── Available records

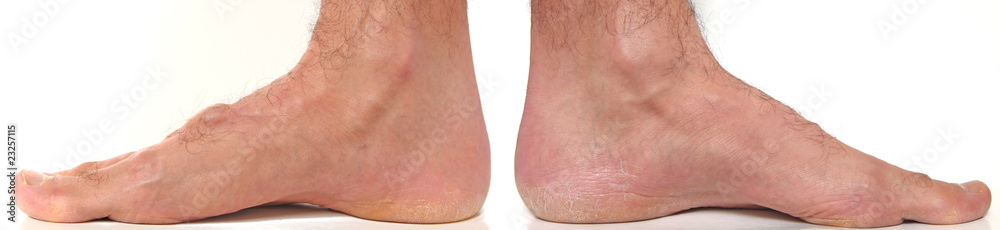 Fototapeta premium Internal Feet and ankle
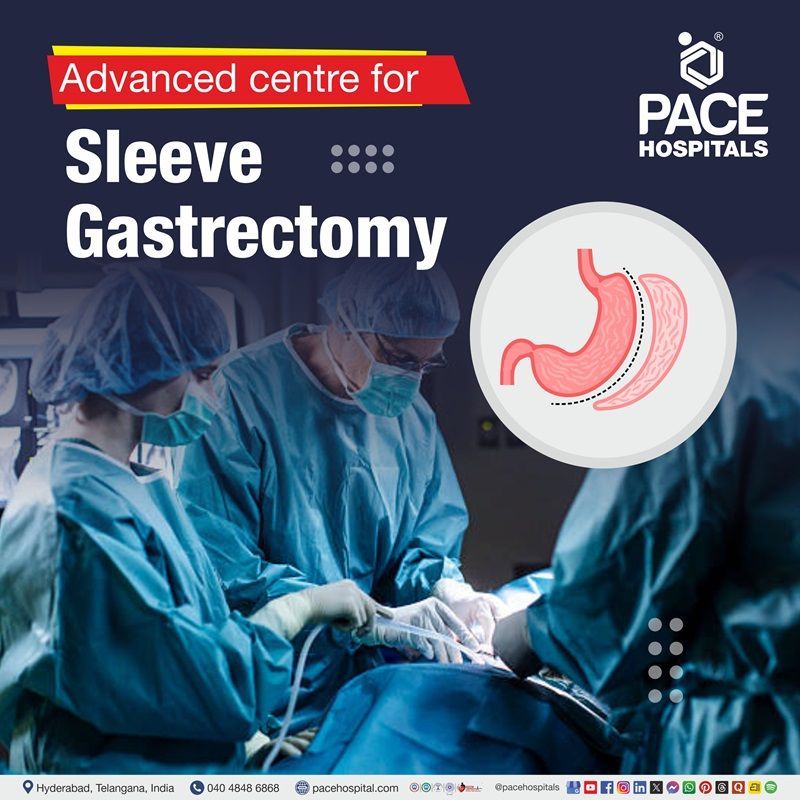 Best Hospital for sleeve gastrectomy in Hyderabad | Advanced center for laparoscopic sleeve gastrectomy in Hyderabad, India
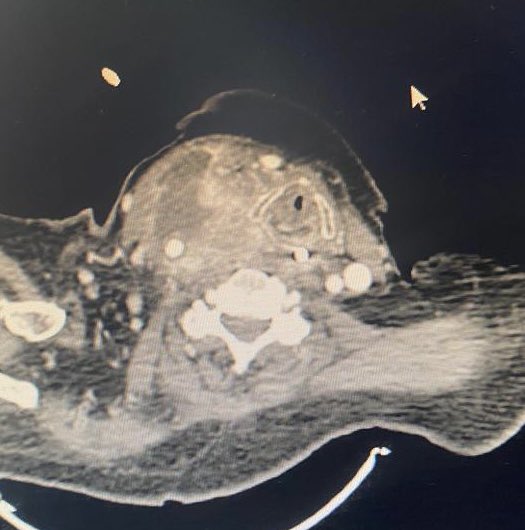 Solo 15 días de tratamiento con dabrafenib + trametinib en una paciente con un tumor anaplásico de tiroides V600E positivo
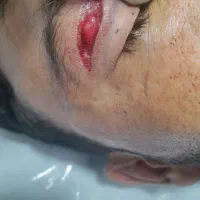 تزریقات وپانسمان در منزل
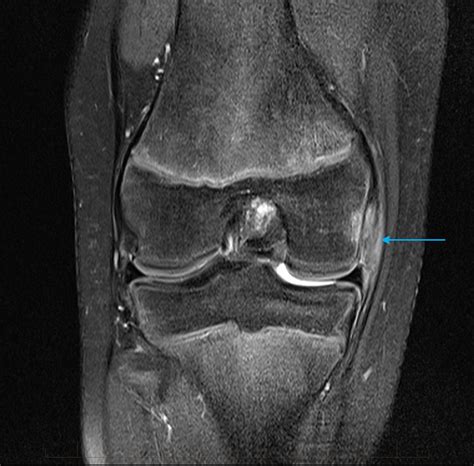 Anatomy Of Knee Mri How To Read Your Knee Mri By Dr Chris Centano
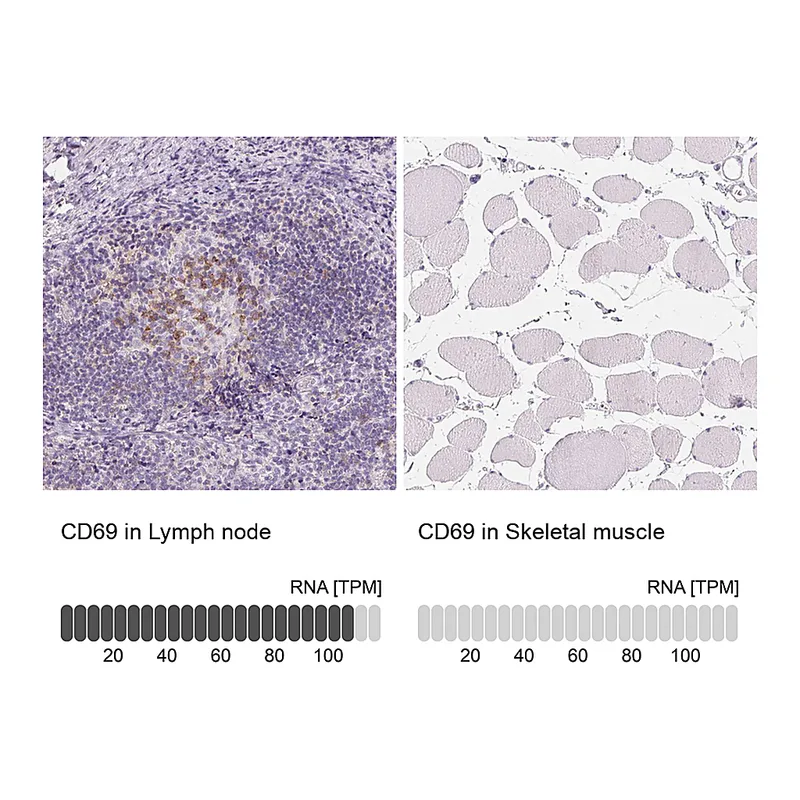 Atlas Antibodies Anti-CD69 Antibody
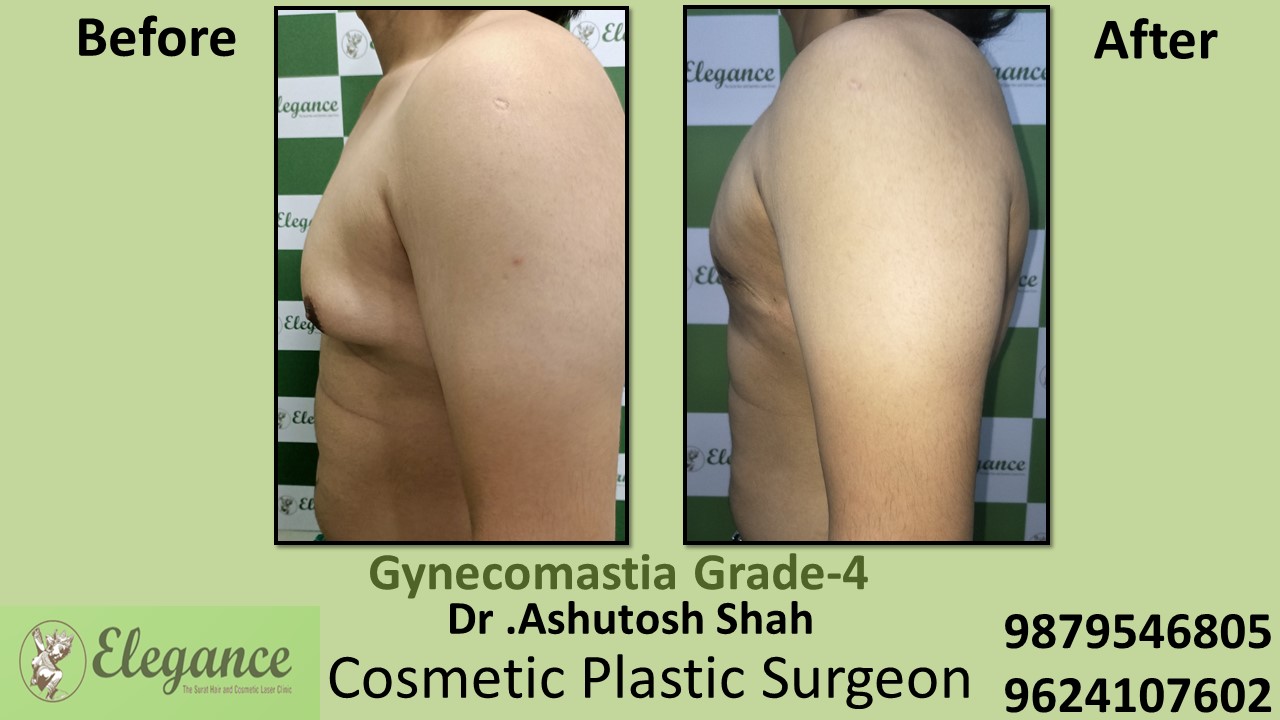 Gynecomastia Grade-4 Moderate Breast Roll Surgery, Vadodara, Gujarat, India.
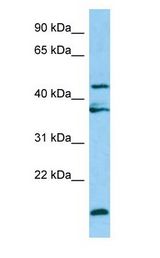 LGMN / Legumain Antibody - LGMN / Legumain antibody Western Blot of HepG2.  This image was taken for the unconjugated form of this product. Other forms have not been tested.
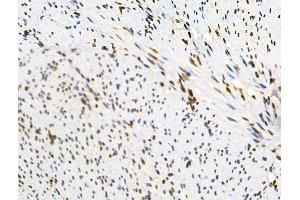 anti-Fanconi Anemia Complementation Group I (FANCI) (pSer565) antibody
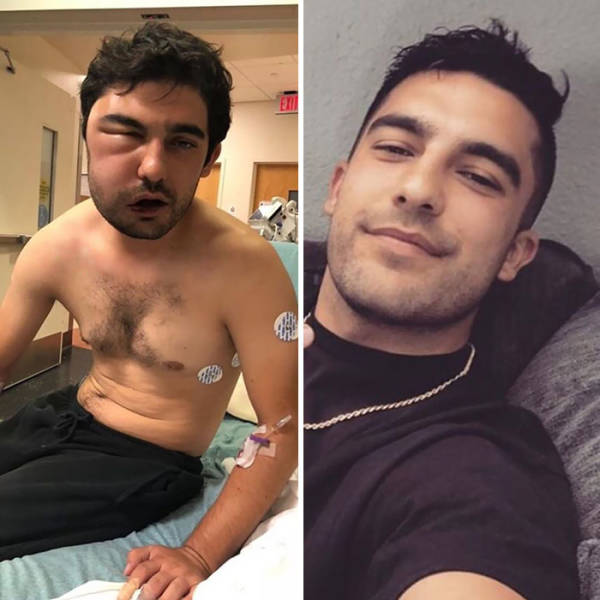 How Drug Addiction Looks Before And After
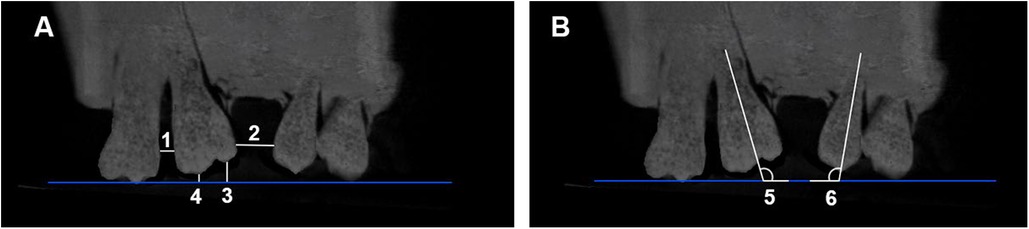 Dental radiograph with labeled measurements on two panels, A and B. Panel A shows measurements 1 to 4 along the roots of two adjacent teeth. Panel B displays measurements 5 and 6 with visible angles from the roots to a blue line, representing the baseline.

────

* _How to complete this task_: Using the entries above, transcribe exactly from the line that has "Best Hospital for" through the line that has "تزریقات وپانسمان در منزل". Pictures are dropped.

* _Answer box_:
 Best Hospital for sleeve gastrectomy in Hyderabad | Advanced center for laparoscopic sleeve gastrectomy in Hyderabad, India
 Solo 15 días de tratamiento con dabrafenib + trametinib en una paciente con un tumor anaplásico de tiroides V600E positivo
 تزریقات وپانسمان در منزل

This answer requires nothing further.